Это «завтра» оказалось для Люсьена одним из тех дней, когда молодые люди рвут на себе волосы и клянутся более не выполнять глупой роли вздыхателя. Он освоился со своим положением. Поэт, когда-то робко садившийся на кончик стула в священном будуаре ангулемской королевы, преобразился в требовательного любовника. Шести месяцев было достаточно, чтобы он возомнил себя равным Луизе и пожелал быть ее господином. Он вышел из дому с непреклонным решением пойти на безрассудство, поставить жизнь на карту, воспользоваться всеми доводами пламенного красноречия, сказать, что он потерял голову, не способен думать, не способен написать ни строчки. Иные женщины испытывают отвращение к предумышленной решимости, что делает честь их щепетильности; они охотно уступают увлечению, но не требованиям. Вообще нет любителей навязанного удовольствия. Г-жа де Баржетон заметила в выражении лица Люсьена, в его глазах, в манерах ту взволнованность, которая обличает заранее обдуманное решение: она сочла необходимым расстроить его замысел, отчасти из духа противоречия, отчасти из возвышенного понимания любви. Как женщина, любящая все преувеличивать, она преувеличивала и значение своей особы. Ведь в своих глазах г-жа де Баржетон была владычицей, Беатриче, Лаурой. Она воображала себя восседающей, как в Средние века, под балдахином на литературном турнире, и Люсьен должен был завоевать ее, одержав немало побед; ему полагалось затмить «вдохновенного ребенка», Ламартина, Вальтера Скотта, Байрона. Существо возвышенное, она смотрела на свою любовь как на облагораживающее начало: желания, которые она внушала Люсьену, должны были пробудить в нем жажду славы. Это женское донкихотство проистекает из чувства, освящающего любовь, оно достойно уважения, ибо обращает ее на пользу человеку, облагораживает, возвышает. Положив играть роль Дульцинеи в жизни Люсьена не менее семи или восьми лет, г-жа де Баржетон желала, подобно многим провинциалкам, заставить своего возлюбленного своеобразным закабалением, длительным постоянством как бы выкупить ее особу, – короче, она желала подвергнуть своего друга искусу.

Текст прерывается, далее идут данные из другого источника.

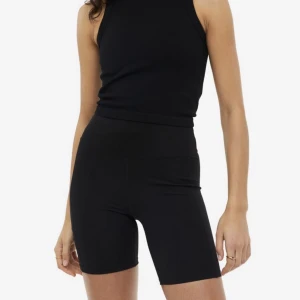 Träningsshorts - Träningsshorts med ficka på benet i storlek small🦋 hör av er vid minsta intresse eller funderingar 🫶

Когда Люсьен начал сражение одной из тех нервических вспышек, что забавляют женщин, достаточно владеющих собою, и огорчают только любящих, Луиза приняла исполненную достоинства позу и повела длинную речь, уснащенную высокопарными словами.

– Где же ваши обещания, Люсьен? – сказала она наконец. – Избавьте же столь сладостное настоящее от упреков совести, ведь позже они отравят мне жизнь. Не портите будущего! И, говорю с гордостью, не портите настоящего! Ужели мое сердце не принадлежит вам вполне? Чего же вы еще желаете? Неужто ваша любовь уступает влиянию чувственности? Но не в том ли преимущество любимой женщины, чтобы вынудить чувственность умолкнуть? За кого вы меня принимаете? Ужели я более не ваша Беатриче? И разве я для вас не больше чем просто женщина? А ежели не так, стало быть, я нечто меньшее…

– Вы то же самое сказали бы человеку, которого не любите! – в ярости вскричал Люсьен.

– Если вы в моих словах не чувствуете истинной любви, вы никогда не будете достойны меня.

– Вы начинаете сомневаться в моей любви, желая избавить себя от труда отвечать на нее, – сказал Люсьен, в слезах бросаясь к ее ногам.

Бедный мальчик плакал всерьез: он видел, что еще долго придется ему стоять у врат рая. То были слезы поэта, уязвленного в своем могуществе, слезы ребенка, обиженного отказом в желанной игрушке.

– Вы никогда меня не любили! – вскричал он.

– Вы сами не верите тому, что говорите, – отвечала она, польщенная его бурным чувством.